Title: silver linings
'Verse/characters: Wild Roses; Brighid, Jared
Prompt: 14B "despair"
Word Count: 534
Notes: Prompted by a verbal request.
She thought that she was the first of the family to find out about it, aside from the child's mother. As the mother came to her, as soon as she knew, and knew whose, and poured out her half-millenia heart to a woman not yet a century old.
She was, to her reasonably certain knowledge, older at eighty than this girl would ever be. If the boy was old enough to take to bed, he was also old enough to sire a child. Precautions should have been taken.
None of which she said to the girl; there was no need for cruelty.
Her grandchild would be provided for, no matter his parents' prospects. Advantages of bedding a prince.
Who was all of eighteen.
Who, a month later, shuffled his feet into her music room, sat down with her on the piano bench, and spoke of a pretty girl, and that he hadn't known she wasn't thinking about might-bes.
Him, she'd sighed at. Because he was the child of a mortal mother and had been taught to two cycles of time.
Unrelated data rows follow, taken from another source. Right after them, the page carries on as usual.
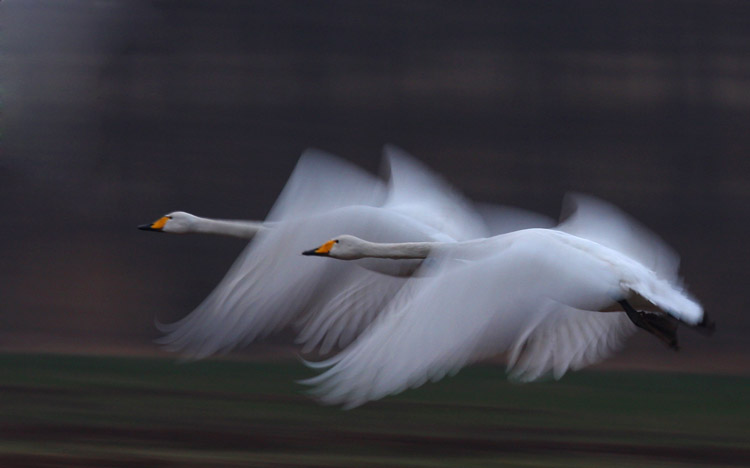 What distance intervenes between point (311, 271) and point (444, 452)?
1339 millimetres

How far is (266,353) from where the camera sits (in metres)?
12.3

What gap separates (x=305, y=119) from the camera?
43.9 ft

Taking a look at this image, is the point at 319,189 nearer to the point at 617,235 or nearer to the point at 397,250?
the point at 397,250

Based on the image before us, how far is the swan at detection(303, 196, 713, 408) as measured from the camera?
532 cm

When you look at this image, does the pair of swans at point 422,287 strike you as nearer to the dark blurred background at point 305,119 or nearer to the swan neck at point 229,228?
the swan neck at point 229,228

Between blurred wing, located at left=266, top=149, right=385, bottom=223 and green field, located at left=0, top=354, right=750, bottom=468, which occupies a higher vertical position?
blurred wing, located at left=266, top=149, right=385, bottom=223

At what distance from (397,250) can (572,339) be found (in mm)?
1032

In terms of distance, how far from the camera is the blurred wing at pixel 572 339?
710cm

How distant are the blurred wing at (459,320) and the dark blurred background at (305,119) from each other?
7.07 metres

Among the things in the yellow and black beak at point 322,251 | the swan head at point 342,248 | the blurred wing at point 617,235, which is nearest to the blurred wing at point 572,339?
the blurred wing at point 617,235

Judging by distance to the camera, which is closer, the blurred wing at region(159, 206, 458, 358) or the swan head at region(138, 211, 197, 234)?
the blurred wing at region(159, 206, 458, 358)

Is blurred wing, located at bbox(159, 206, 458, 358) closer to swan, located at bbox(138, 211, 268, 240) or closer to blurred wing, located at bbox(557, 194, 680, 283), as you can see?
blurred wing, located at bbox(557, 194, 680, 283)

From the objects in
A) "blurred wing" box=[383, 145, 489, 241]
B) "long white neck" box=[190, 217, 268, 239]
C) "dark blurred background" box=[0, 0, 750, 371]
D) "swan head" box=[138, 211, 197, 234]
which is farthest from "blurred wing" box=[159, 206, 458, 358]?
"dark blurred background" box=[0, 0, 750, 371]

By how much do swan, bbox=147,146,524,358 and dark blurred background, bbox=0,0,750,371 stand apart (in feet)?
18.2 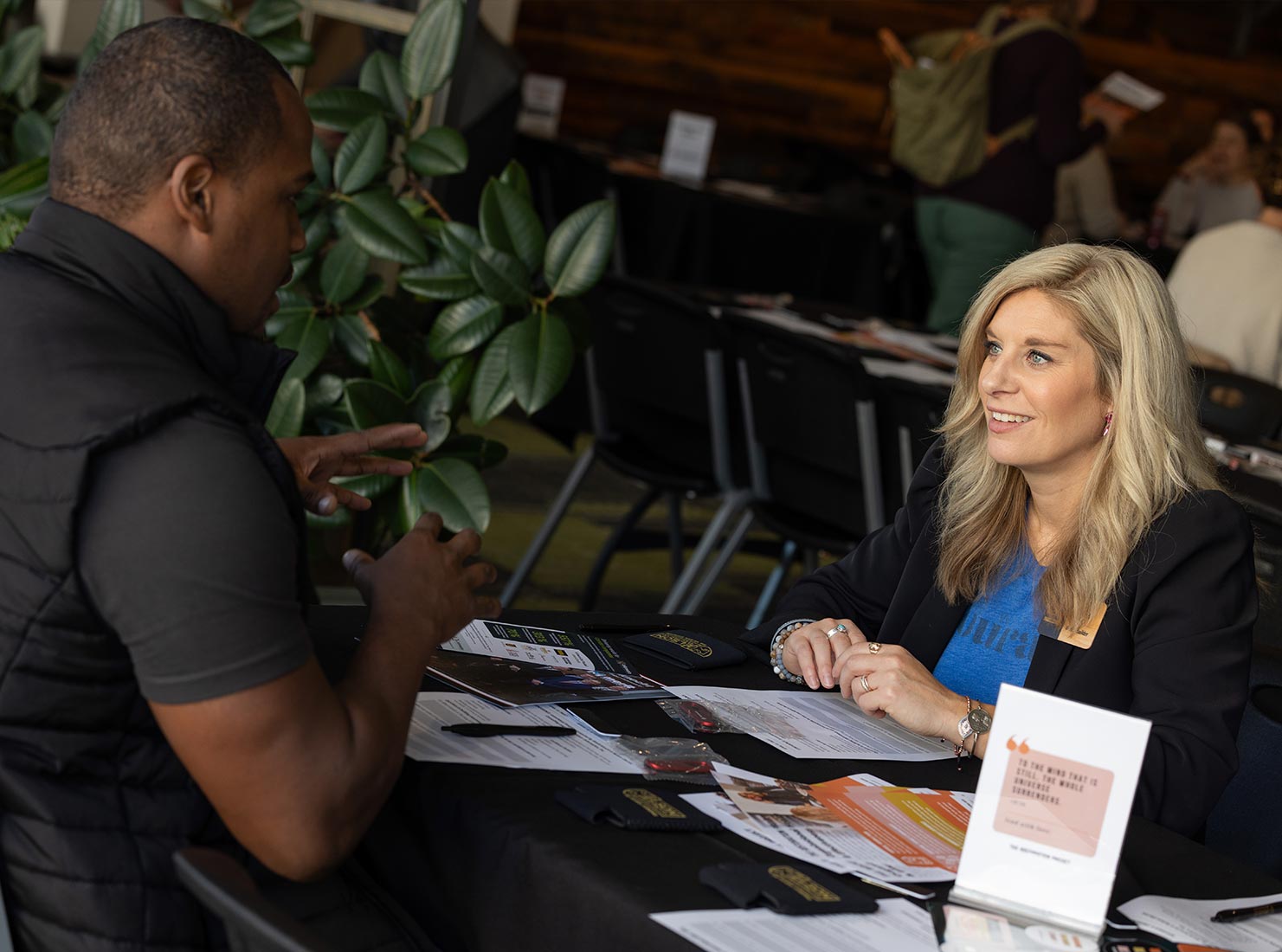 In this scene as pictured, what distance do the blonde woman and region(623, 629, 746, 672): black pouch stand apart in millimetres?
75

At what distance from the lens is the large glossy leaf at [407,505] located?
2.57 meters

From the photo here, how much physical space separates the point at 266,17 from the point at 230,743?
2.08m

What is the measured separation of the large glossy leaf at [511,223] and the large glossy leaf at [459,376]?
201mm

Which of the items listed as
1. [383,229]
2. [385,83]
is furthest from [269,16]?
[383,229]

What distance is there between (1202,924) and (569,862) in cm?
55

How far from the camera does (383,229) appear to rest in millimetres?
2623

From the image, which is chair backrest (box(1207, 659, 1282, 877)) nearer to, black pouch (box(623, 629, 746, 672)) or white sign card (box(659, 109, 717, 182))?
black pouch (box(623, 629, 746, 672))

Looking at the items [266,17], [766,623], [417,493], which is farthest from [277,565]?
[266,17]

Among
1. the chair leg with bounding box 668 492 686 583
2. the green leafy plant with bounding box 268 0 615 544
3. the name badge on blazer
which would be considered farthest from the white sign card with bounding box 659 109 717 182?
the name badge on blazer

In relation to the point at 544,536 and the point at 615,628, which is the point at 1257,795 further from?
the point at 544,536

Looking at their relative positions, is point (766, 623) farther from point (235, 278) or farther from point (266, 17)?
point (266, 17)

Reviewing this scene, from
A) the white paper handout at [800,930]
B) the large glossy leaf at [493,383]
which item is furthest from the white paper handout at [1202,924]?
the large glossy leaf at [493,383]

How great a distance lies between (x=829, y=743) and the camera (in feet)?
5.17

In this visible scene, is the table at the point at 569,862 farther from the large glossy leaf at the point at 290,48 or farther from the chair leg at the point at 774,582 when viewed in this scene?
the chair leg at the point at 774,582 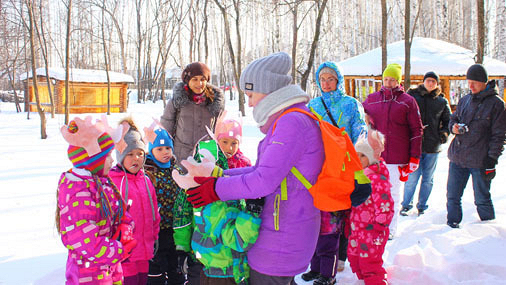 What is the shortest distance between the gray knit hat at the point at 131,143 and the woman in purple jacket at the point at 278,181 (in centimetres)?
118

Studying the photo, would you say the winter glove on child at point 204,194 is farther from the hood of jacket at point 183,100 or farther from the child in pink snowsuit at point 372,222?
the hood of jacket at point 183,100

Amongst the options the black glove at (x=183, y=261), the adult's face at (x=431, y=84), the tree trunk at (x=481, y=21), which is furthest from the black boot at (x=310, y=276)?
the tree trunk at (x=481, y=21)

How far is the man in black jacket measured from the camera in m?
5.27

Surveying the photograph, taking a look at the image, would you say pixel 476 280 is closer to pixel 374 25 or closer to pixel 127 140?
pixel 127 140

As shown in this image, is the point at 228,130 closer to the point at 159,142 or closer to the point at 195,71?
the point at 159,142

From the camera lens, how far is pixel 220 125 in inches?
117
He knew better.
But she'd said the same to him as she had to the child's mother--that his eldest would be provided for.
He hugged her, careful of his strength, and thanked her with an eloquence he hadn't got from his own father.
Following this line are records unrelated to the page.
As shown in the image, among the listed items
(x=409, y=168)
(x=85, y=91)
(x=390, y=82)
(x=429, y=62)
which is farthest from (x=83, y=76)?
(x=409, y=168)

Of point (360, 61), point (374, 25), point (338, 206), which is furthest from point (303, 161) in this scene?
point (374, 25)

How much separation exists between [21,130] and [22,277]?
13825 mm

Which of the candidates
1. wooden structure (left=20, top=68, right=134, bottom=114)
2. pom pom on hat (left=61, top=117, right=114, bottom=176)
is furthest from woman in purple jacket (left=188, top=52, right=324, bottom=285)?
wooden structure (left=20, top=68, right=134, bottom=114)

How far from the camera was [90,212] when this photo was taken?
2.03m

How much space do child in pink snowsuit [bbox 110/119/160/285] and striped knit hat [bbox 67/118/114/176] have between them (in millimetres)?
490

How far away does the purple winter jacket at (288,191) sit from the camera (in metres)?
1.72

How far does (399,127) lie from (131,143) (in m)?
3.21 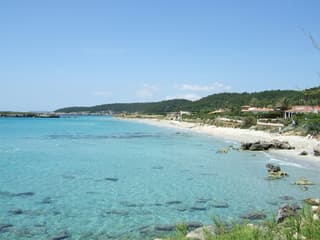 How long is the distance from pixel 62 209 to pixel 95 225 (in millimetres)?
2705

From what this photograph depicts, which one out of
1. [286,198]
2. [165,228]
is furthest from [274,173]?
[165,228]

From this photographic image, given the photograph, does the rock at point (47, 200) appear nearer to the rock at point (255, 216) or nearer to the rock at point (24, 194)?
the rock at point (24, 194)

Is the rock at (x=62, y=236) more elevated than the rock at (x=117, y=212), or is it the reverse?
the rock at (x=62, y=236)

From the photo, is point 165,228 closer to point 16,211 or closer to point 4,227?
point 4,227

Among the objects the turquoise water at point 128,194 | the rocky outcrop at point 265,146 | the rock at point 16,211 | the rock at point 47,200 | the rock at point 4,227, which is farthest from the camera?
the rocky outcrop at point 265,146

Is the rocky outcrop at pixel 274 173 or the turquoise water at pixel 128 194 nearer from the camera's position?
the turquoise water at pixel 128 194

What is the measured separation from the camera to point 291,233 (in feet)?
20.5

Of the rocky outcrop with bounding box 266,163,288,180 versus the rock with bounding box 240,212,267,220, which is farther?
the rocky outcrop with bounding box 266,163,288,180

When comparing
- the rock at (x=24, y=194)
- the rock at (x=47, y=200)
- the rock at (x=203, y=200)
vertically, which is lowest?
the rock at (x=203, y=200)

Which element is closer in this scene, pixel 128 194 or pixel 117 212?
pixel 117 212

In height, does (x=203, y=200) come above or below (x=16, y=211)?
below

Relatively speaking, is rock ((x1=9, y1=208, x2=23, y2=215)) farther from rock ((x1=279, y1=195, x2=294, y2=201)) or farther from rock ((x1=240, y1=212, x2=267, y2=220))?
rock ((x1=279, y1=195, x2=294, y2=201))

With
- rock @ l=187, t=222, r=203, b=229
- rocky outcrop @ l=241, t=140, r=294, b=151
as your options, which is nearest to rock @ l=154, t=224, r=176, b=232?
rock @ l=187, t=222, r=203, b=229

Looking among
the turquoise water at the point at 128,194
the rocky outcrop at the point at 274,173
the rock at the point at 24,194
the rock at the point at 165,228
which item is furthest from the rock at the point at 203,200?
the rock at the point at 24,194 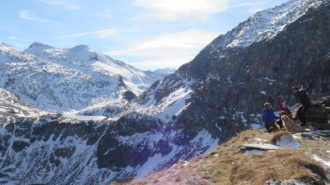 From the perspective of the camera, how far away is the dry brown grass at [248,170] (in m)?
14.1

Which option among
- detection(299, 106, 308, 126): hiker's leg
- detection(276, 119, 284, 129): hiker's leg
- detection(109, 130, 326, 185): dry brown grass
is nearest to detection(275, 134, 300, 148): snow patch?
detection(109, 130, 326, 185): dry brown grass

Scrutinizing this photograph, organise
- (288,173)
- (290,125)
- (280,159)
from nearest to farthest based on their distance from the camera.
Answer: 1. (288,173)
2. (280,159)
3. (290,125)

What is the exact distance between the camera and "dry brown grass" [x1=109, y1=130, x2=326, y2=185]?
1414cm

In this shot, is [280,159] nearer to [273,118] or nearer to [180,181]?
[180,181]

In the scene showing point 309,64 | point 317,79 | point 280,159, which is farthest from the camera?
point 309,64

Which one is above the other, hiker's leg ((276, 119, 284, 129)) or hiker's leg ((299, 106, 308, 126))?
hiker's leg ((299, 106, 308, 126))

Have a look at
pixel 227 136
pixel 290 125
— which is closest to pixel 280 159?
pixel 290 125

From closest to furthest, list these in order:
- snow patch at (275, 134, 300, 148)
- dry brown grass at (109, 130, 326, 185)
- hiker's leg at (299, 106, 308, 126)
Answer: dry brown grass at (109, 130, 326, 185), snow patch at (275, 134, 300, 148), hiker's leg at (299, 106, 308, 126)

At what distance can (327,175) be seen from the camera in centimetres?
1476

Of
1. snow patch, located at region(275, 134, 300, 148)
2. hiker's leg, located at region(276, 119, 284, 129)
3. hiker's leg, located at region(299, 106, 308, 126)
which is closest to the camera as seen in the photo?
snow patch, located at region(275, 134, 300, 148)

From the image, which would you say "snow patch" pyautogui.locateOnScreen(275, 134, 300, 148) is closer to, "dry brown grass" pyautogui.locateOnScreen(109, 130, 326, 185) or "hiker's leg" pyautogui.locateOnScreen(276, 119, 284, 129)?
"dry brown grass" pyautogui.locateOnScreen(109, 130, 326, 185)

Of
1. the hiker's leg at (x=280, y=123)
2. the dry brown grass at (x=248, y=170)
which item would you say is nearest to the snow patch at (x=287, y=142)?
the dry brown grass at (x=248, y=170)

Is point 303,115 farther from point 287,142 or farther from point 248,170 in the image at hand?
point 248,170

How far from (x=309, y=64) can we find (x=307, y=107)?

Who exploded, when he heard, and would have made rash vows if she hadn't shaken her head minutely at him, just enough for him to register.
Her elder son's explosion was quieter, but her younger sported a black eye for a week that he wouldn't explain.
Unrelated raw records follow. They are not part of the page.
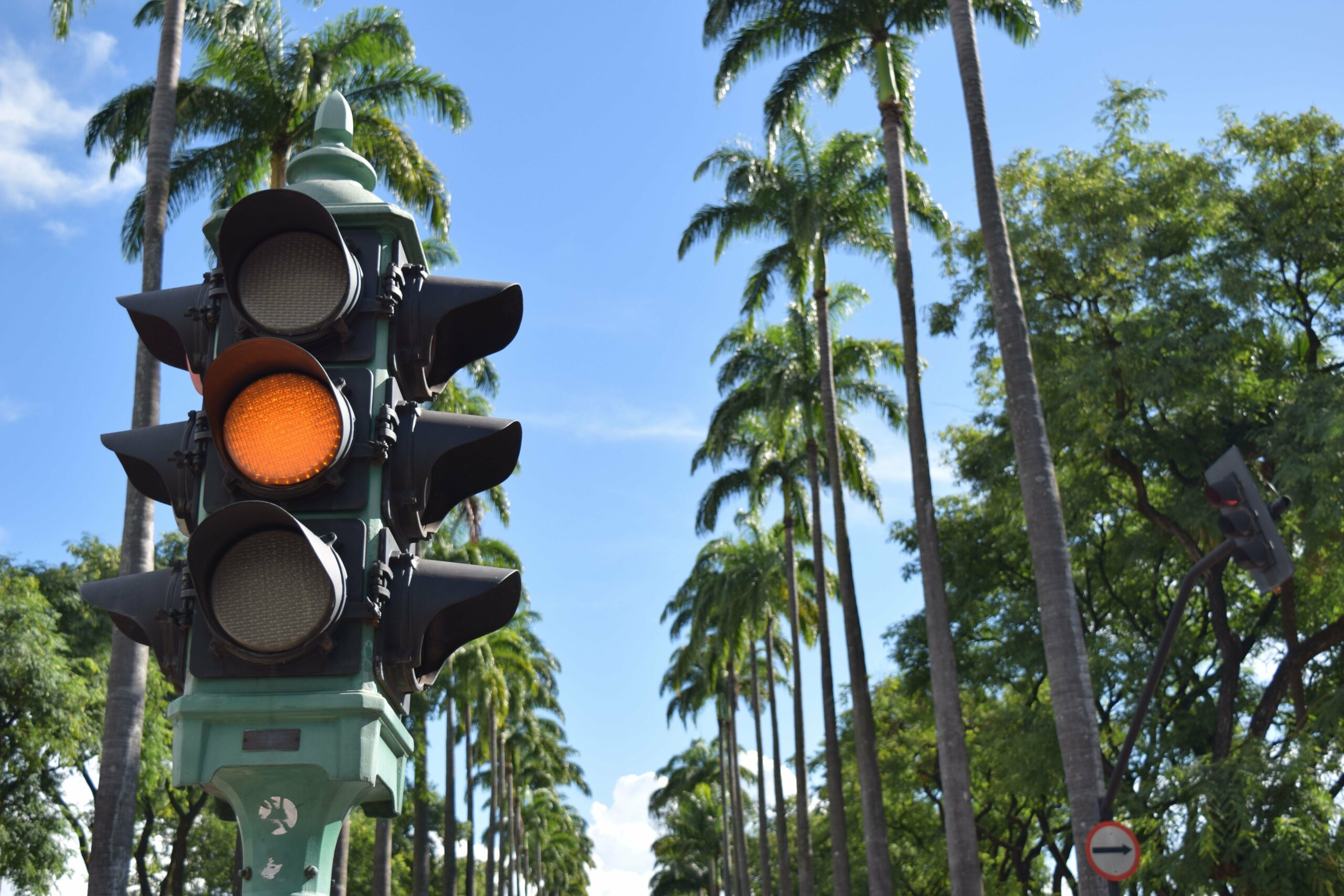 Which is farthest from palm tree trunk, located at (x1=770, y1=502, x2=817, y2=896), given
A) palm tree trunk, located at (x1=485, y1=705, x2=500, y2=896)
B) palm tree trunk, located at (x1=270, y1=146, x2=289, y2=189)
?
palm tree trunk, located at (x1=270, y1=146, x2=289, y2=189)

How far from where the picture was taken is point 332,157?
3.57m

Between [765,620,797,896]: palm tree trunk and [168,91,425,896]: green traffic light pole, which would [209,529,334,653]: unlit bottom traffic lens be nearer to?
[168,91,425,896]: green traffic light pole

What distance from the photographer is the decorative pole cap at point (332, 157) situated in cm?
356

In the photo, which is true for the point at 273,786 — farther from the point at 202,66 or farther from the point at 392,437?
the point at 202,66

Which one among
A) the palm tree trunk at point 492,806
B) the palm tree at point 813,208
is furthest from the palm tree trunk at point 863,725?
the palm tree trunk at point 492,806

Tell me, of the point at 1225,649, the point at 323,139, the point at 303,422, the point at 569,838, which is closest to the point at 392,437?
the point at 303,422

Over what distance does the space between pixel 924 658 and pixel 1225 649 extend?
7.90m

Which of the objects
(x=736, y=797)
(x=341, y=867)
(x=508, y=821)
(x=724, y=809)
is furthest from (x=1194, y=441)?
(x=508, y=821)

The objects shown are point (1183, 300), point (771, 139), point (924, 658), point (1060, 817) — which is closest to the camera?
point (1183, 300)

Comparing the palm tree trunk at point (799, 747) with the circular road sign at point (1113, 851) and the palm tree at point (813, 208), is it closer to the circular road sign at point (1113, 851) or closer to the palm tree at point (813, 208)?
the palm tree at point (813, 208)

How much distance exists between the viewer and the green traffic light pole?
2727 millimetres

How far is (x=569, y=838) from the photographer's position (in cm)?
12238

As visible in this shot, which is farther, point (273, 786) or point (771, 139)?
point (771, 139)

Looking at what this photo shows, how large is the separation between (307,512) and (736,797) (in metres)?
60.5
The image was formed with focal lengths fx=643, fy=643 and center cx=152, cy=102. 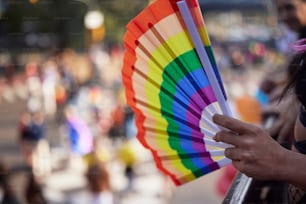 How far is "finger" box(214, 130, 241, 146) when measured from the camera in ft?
1.51

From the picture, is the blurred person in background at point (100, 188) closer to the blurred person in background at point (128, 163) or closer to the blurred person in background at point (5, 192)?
the blurred person in background at point (5, 192)

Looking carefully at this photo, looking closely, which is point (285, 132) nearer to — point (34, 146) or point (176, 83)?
point (176, 83)

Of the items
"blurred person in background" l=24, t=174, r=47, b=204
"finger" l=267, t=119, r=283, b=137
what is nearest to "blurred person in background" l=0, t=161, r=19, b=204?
"blurred person in background" l=24, t=174, r=47, b=204

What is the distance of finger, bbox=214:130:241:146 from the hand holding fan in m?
0.03

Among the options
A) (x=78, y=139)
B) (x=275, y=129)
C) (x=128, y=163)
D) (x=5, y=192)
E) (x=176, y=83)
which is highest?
(x=176, y=83)

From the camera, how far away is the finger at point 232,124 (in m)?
0.46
The babe was a boy, born with a crop of blond hair and eyes blue as his father's. The blond fell out, grew back black as her own, and the blue faded with age to brown. He spent a lot of time with her, brought by one or the other of his parents, and he learned the progressions of musical notes that made music and the way letters shaped words sitting at her side, a hand tangled in her skirts.
He was the age his father had been, though he was far, far older already, when he thanked her, in words she couldn't shoo away as things that were right. Knelt at her feet, looking up at her the Queen, not his grandmother, and thanked her, for the life she'd given him.
She'd had to smile, as she leaned forward and kissed his forehead, gently urged him up with age-frail hands. He obeyed the way all the strong did when she laid hands on them, sat on the couch with her and held her hand carefully cradled between his.
"The old take care of the young, my dear, and you were the youngest."
He grinned at her, slowly, eyes saying volumes his mouth didn't need to, and she chuckled, a little sadly. "There are times, child, that I despair of your father ever really growing up. He will be young a very long time, I think."
Not the way of his son, who was growing up into a man even in the time she had remaining to her. It pleased her in an indescribable way, to see it.